I'd bo't an arab in poor shape, his hooves had broken into long shards so he preferred moving backwards. These had to be trimmer before trailering and was done again in 30 days. About six weeks into his rehab of decent hay and 2 dewormings and started on oats, I'd never seen him canter and was getting concerned as he'd put on nice weight. The pasture buddy took a notion run run down a small hill, jump a log and that started a case of sillies. The arab started down the hill at a big trot, popped over the log and took off at the gallop. He ran and ran, bucking and running faster, stopping momentarily to blow, then going again. The show lasted about 15 min. What a joy to watch.


----------



## morganarab94 (May 16, 2013)

aww she was feeling good!
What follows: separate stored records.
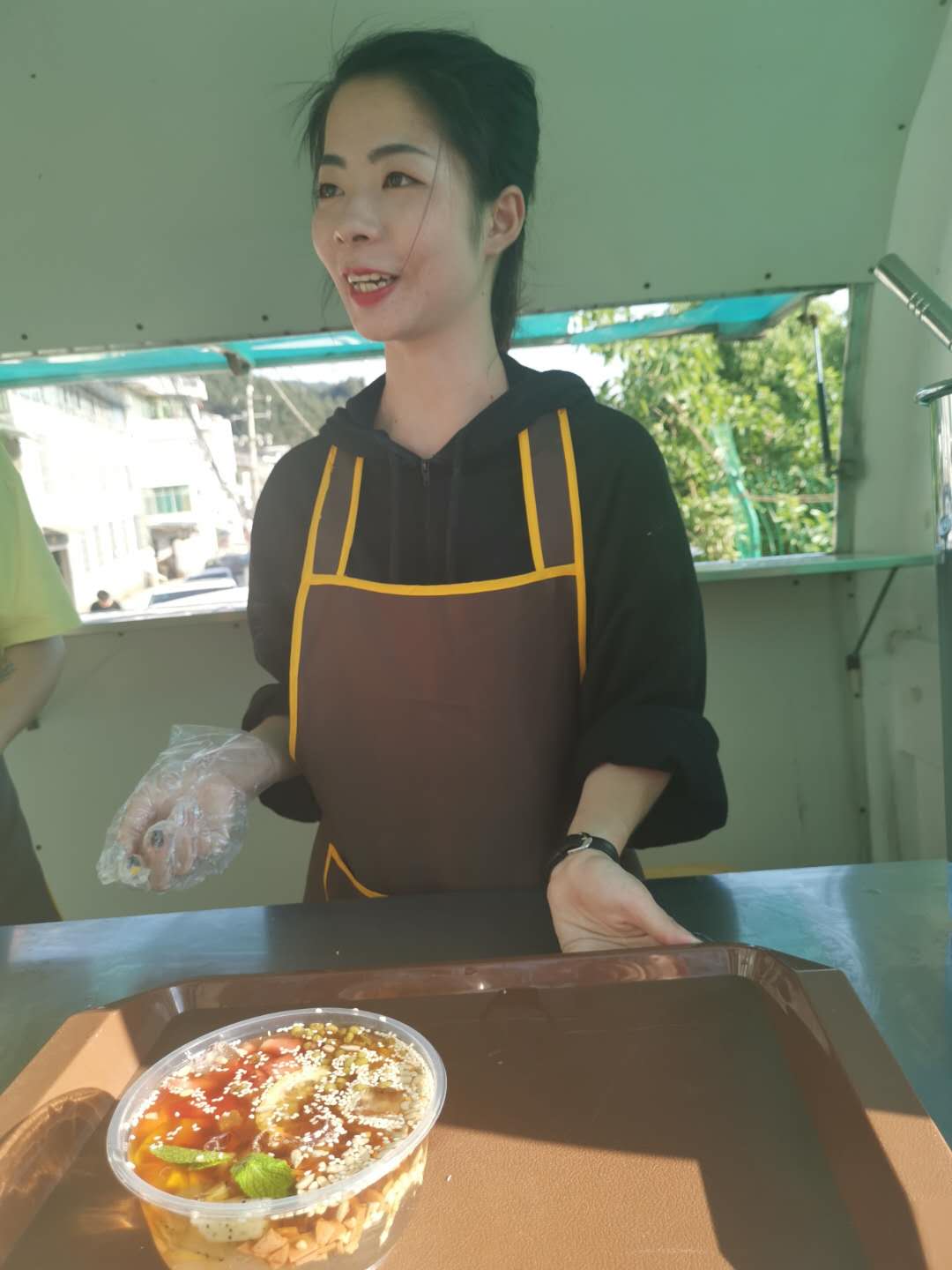 对话天使般的女孩吴丹仪：我与贵州有不解之缘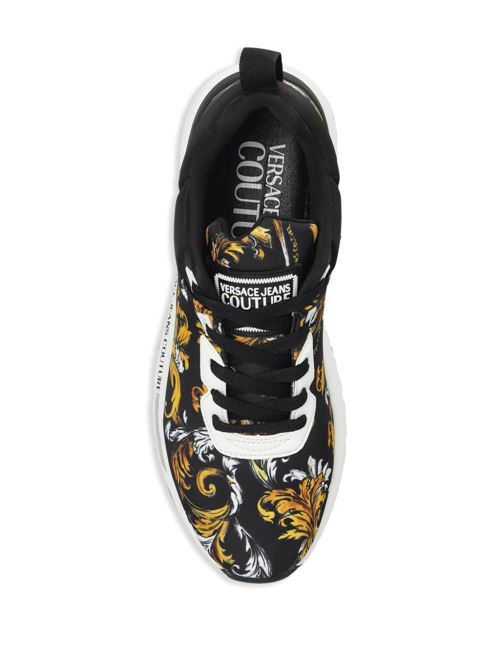 Sneakers uomo bassa Versace jeans Couture | 78YA3SA1ZSC64G89
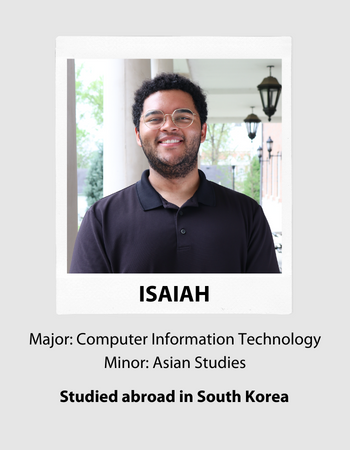 Chat with Isaiah Chat with Isaiah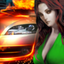 Crazy Speed Car Racing : Rider icon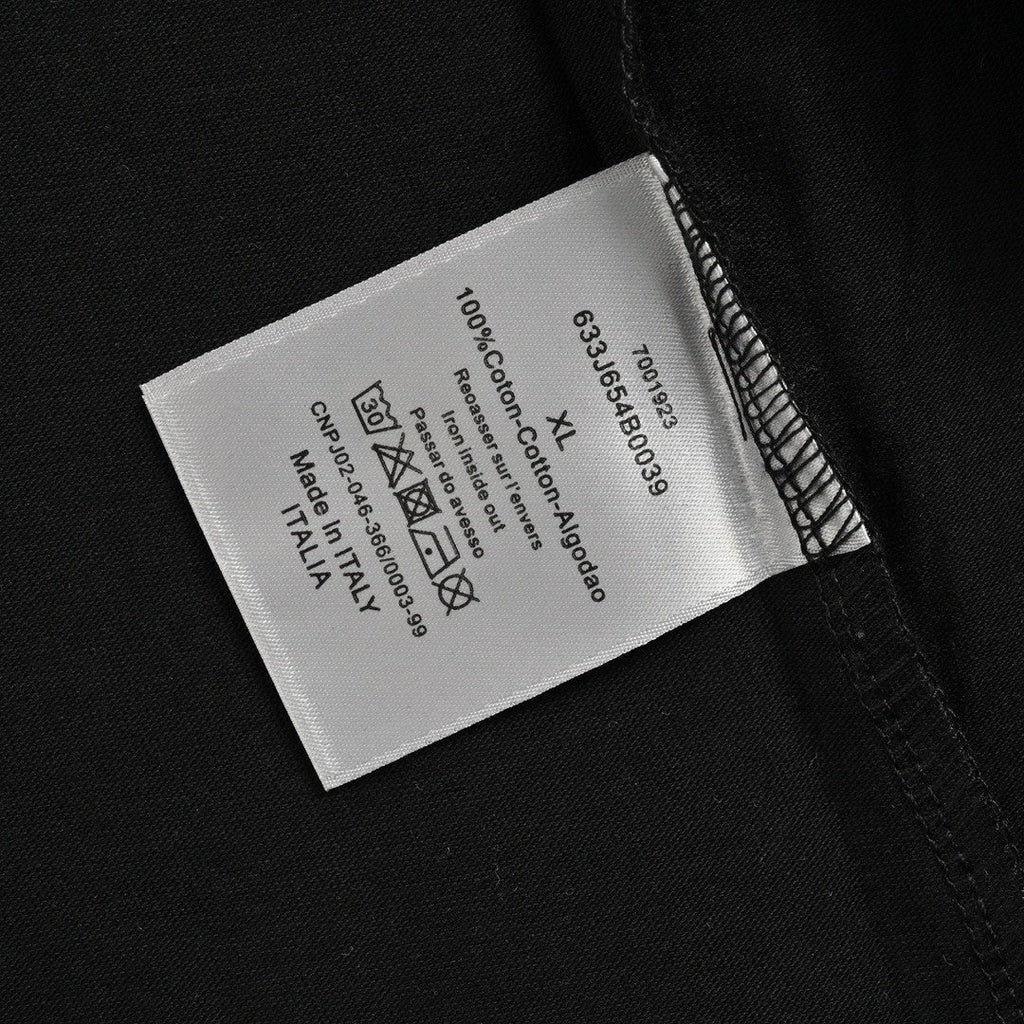 Dior Black and Brown T-Shirt - netstar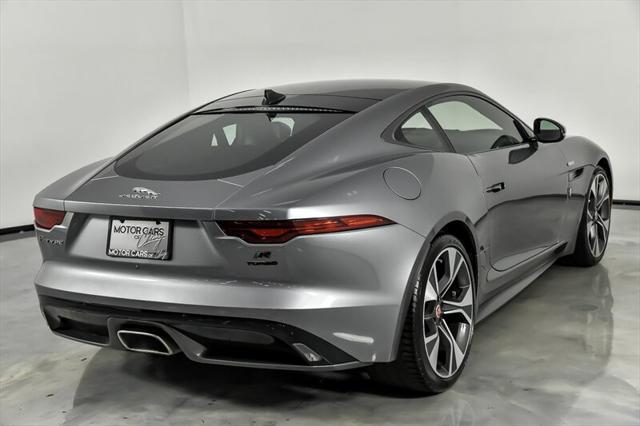 used 2021 Jaguar F-TYPE car, priced at $43,995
She looks like and reminds me of my arabxsaddlebred.:lol:


----------



## xXRubyXx (Jun 23, 2013)

Omg gorgeous horse!! Ruby does that when she's fresh lol. Like when she stayed in her stall all weekend due to horribly wet weather, The arena was more like a lake!! :L


----------



## KigerQueen (Jun 16, 2013)

Lol she stopped doing that after I cut out most of her alfalfa. She is half dead when we ride. Then we start heading home... Yeah then its that but with ME on her -_-'
LOL


----------



## Bondre (Jun 14, 2013)

Aren't Arabs just wonderful? I've got an Arab mare who's not in great running shape just now because 1: she's 8 months in foal, and 2: she's lame with a slow-developing hoof abcess. But the other day she frightened herself with a puddle when she was coming in from the field, and she just floated until she remembered she's not in floating form and came back down to earth. Absolutely gorgeous!
_Posted via Mobile Device_


----------



## Tobysthebesthorseever (Apr 12, 2013)

Wow, not only is she a comedian, she is DROP DEAD GORGEOUS!!!!! *JEALOUS!!!!!*


----------



## my2geldings (Feb 18, 2008)

well! it looks like she's enjoying the nice weather :lol: she looked a bit anxious to be out there, but it looks like she had a good run and knew mom was there with her.


----------



## waresbear (Jun 18, 2011)

I like her vocals, you should get her on American Idol!


----------



## KigerQueen (Jun 16, 2013)

LOL! She will only do that when she is showing off now (like when new people come to the barn or there is a camera) she is such a ham XD.


----------



## rideverystride (Jul 19, 2013)

What.a.STUNNER. I am in love with your horse.


----------